Manufacturers of large, heavy durable goods such as lawn and garden equipment, recreational vehicles, and appliances, package the goods in containers for handling, storing, and shipping the goods from manufactures to consumers. Often the containers with the goods are stored in warehouses waiting for distribution by trucks or other vehicles to retailers and to consumers. The containers are typically stacked in warehouses in order to conserve space, and generally are stacked four to six containers high. The crates must have strong tensile strength to permit shipping and storage of stacks of crates. Also, the upper units in stacked shipment exert large "racking" forces on the lower units.
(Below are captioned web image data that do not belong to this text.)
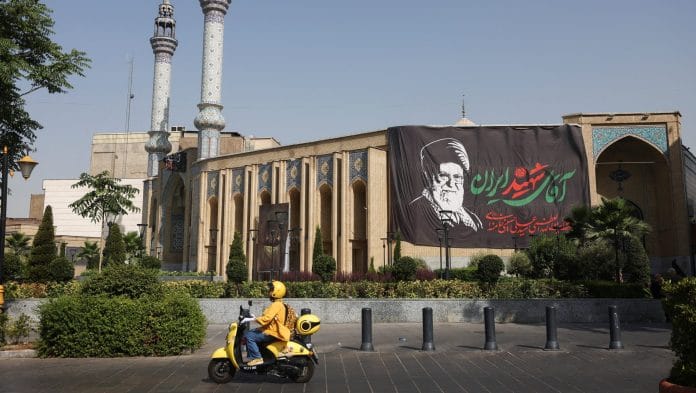 An Iranian woman rides a motorcycle next to a banner with a picture of the late Supreme Leader of Iran, Ayatollah Ali Khamenei, on a street in Tehran, Iran Majid Asgaripour WANA (West Asia News Agency) via REUTERS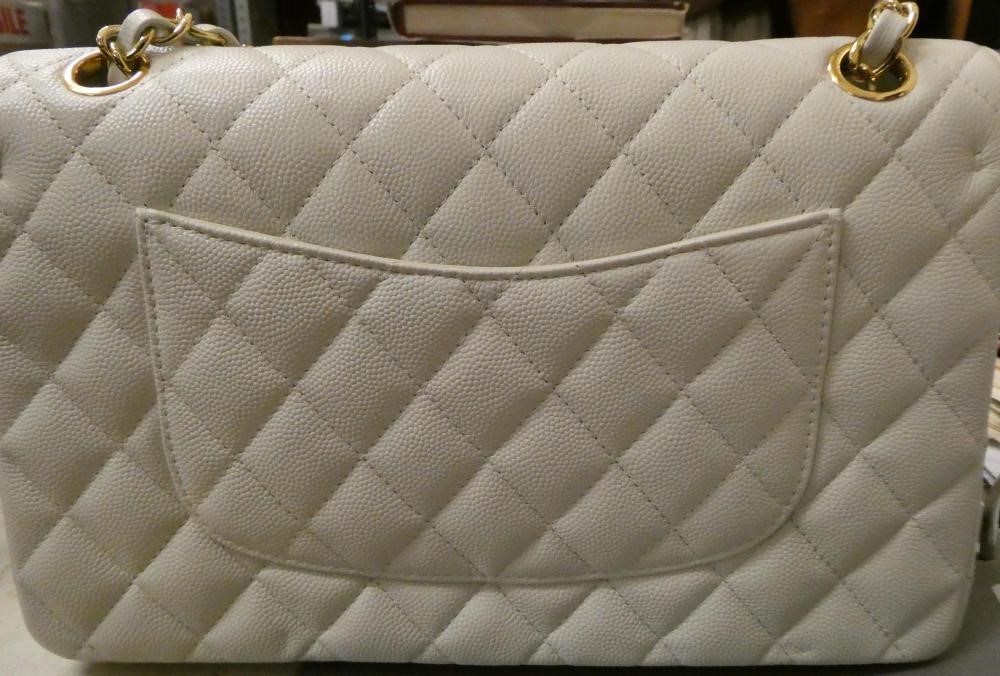 A CHANEL WHITE "CAVIAR" LEATHER QUILTED CLASSIC HANDBAG Image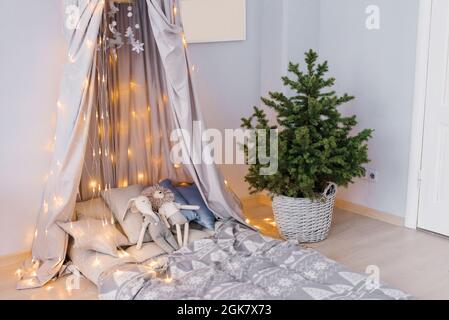 Stilvolles, modernes Kinderzimmer. Kinderbett mit Markise. Weihnachtsbaum in einem Korbkorb. Einrichtung im skandinavischen Stil Stockfoto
The racking forces a rise from the momentum of the upper units as truck trailers or rail cars change velocity, start, and stop. These forces tend to loosen the staples applied to the corners of the crates. Loosened staples reduce the rigidity of the crate and may cause the crate to collapse, causing damage to the product contained therein and may result in injury or safety hazards to persons nearby.
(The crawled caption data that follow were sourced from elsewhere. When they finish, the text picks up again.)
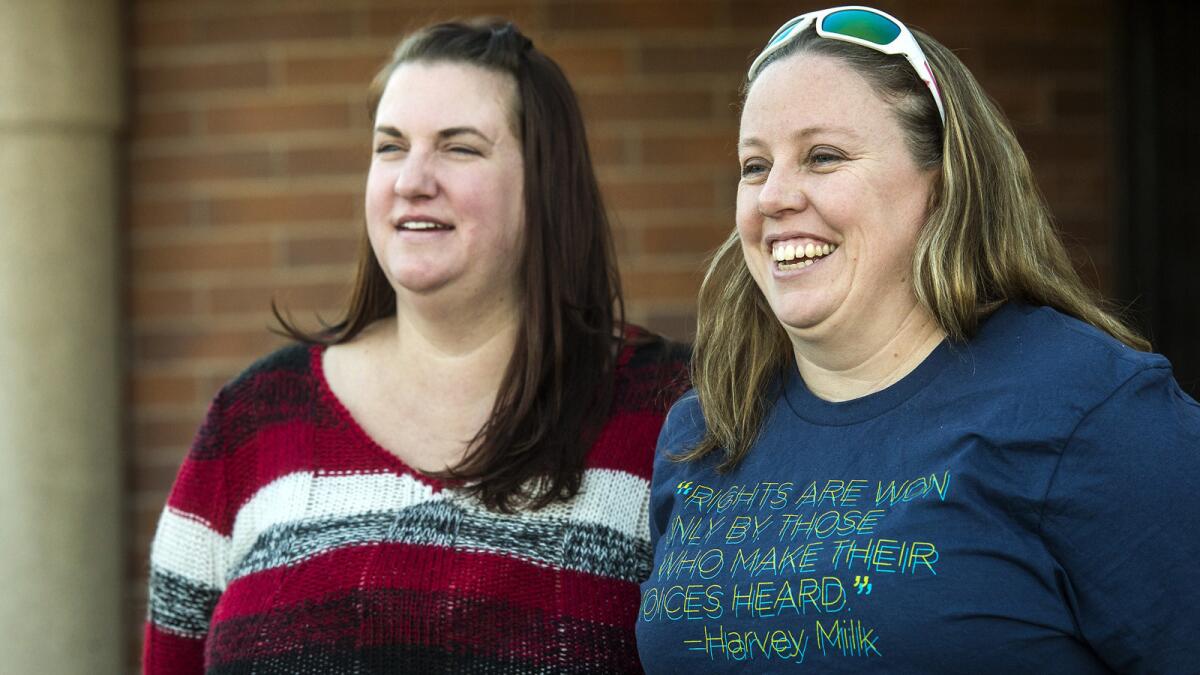April Hoagland, left, and Beckie Peirce after a judge reversed his ruling to take away their 9-month-old child last week.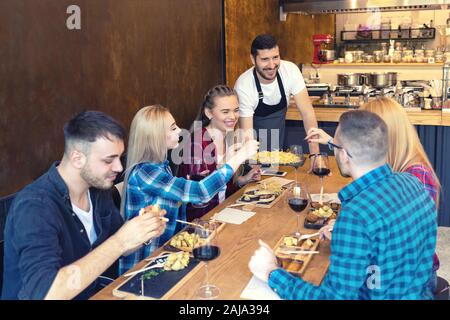 Happy Business Owner essen zu lächeln Gruppe junger Freunde in kleinen familiären Taverne Restaurant. Stockfoto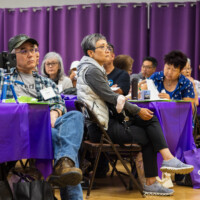 a group of people listening to the presentation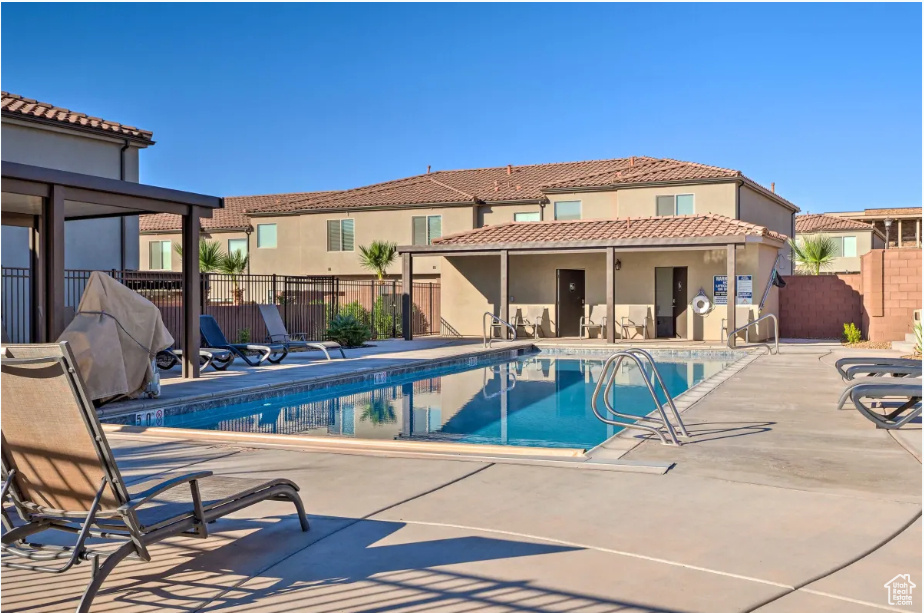 Community pool featuring a patio area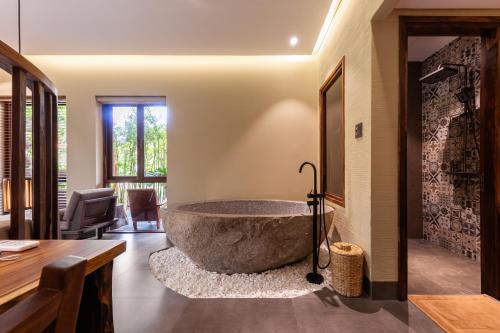 a large stone tub in the middle of a room at Sun Village Beach Resort in Tuy Hoa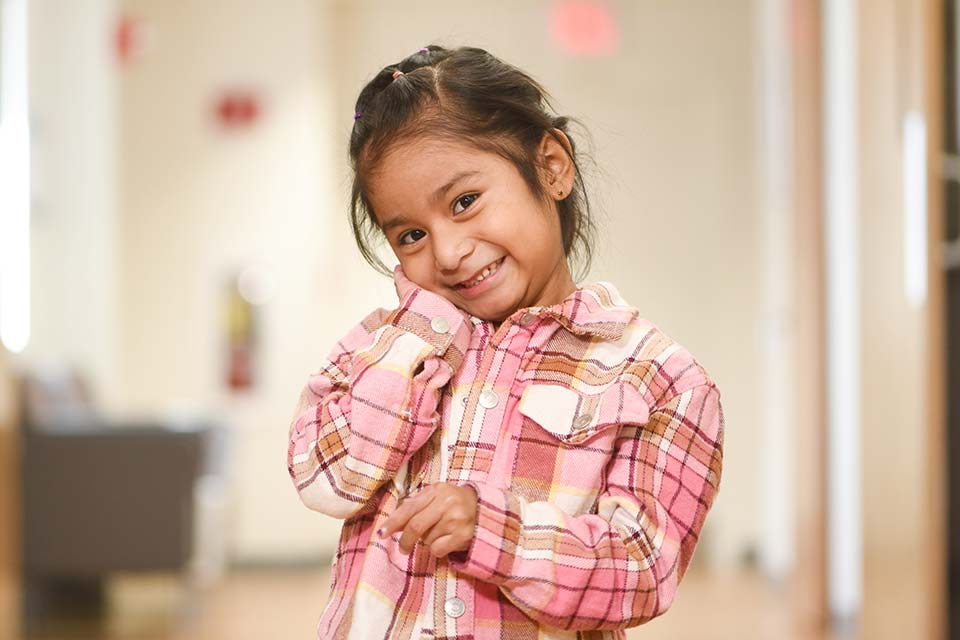 Female patient smiling with hand on cheek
The structural components of the containers accordingly must allow for handling by specialized material handling equipment such as forklift trucks, clamp trucks and the like while also protecting the products held in the container. The container must provide for stacking, whereby top loads are transferred through the containers to the bases. Wood cleated corrugated paperboard containers such as that shown in U.S. Pat. No. 4,832,256 generally have meet the packaging needs of manufacturers of durable goods. The article, such as a tractor, sits on a rigid wood base which receives a wood cleat reinforced corrugated paperboard body. The body is formed from a blank of corrugated paperboard material folded on scores to define main panels. The ends of the blank join with adhesive to define a tubular body. The body folds on the scores to a knocked-down configuration. The body is squared-open on the assembly line and lifted over the tractor on the wood base. Staples secure the corrugated paperboard body to the wood base. While these cleated corrugated containers meet the needs for low cost containers having durability and load-bearing performance, added protection is required for use in outside, unprotected environments. These protections often involve water resistant coatings or other water repellant features to reduce the effects of moisture on the corrugated panels.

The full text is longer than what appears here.